The name Ladies March was also very intentional. 

“Ladies March wasn’t just about playing a football match. Yes, it was about actual women’s football but it was also about its advancement that’s why we use the name March. It signifies that not only women are playing football (the match) but they are also moving forward (to march) in the sport.” 

The network began with only four members and has since expanded to accommodate writers from around the continent with over 20 people involved. Representation is a key factor as the site looks to amplify grassroots as well as top-level leagues in Africa. All this began with minimal resources.
Youtube embed
“It took personal funding, passion and dedication from the team. For many years, we didn’t make any money but this is something we really believed in. We wanted the stories of our women to be told by us. No one could do that the way we could and no one could create the impact we wanted but for us.”

The impact was obvious. At a time when information about women’s football was scarce, Ladies March filled the gap. It created the blueprint of women’s football coverage and Janine got a first-hand experience of the impact of their work.

“One time I was in a press conference that involved a high-profile team. I had a question to ask so I introduced myself and mentioned the publication I was working for. We were surprised that they followed us and after the presser, they told us they used our website to scout opponents. That was amazing to hear but also showed how dire the situation was and still is.” 

Since then, the doors have opened not just for Janine but also for women’s football coverage.   
“When we started, only a handful of us covered the sport and I didn’t know any person who made a full-time living covering the sport. It was impossible as women’s sport is at the bottom of media coverage priorities, so it was great to get the word out and to see how the space has been well developed. It might not be the best but it’s much better than it previously was.
“Women’s football space is now saturated and more women are still coming in. People have run with it, given its richness and have made women’s football become more enviable. Independent reporters and writers who’ve worked tirelessly with little resources have forced the mainstream media to pay attention because regardless of their presence, the coverage still  goes on.” 

Even with its growth, tapping into and developing this platform has not been without challenges. Janine shares.

“Underestimation by people about your competence to do the job, little resources that can’t sometimes cover stories you’d want, people in authority who ask for sexual favours, lack of remuneration with people giving up because there’s nothing to show for all the work and the fact that at times you can’t get to where you want to be in time or go to certain places because of your own safety as a woman. Despite that, we keep going because that in itself is a sacrifice.”
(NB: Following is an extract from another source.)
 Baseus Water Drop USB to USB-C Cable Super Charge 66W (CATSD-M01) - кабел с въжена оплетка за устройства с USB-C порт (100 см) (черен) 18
With that, YAZA gets one last word from a very passionate Janine. 

“Your dreams are valid. You can be everything you want to be and even more. It’s there for you so just reach out. No self-pity. Get mentors, follow their work, and use free resources to start yourself off. Be willing to get feedback because not everything is an attack on you. Be as diverse in your approach and create your own unique selling point. Opportunities are bound, target them, improve yourself, grow, be strategic and you’ll blossom.”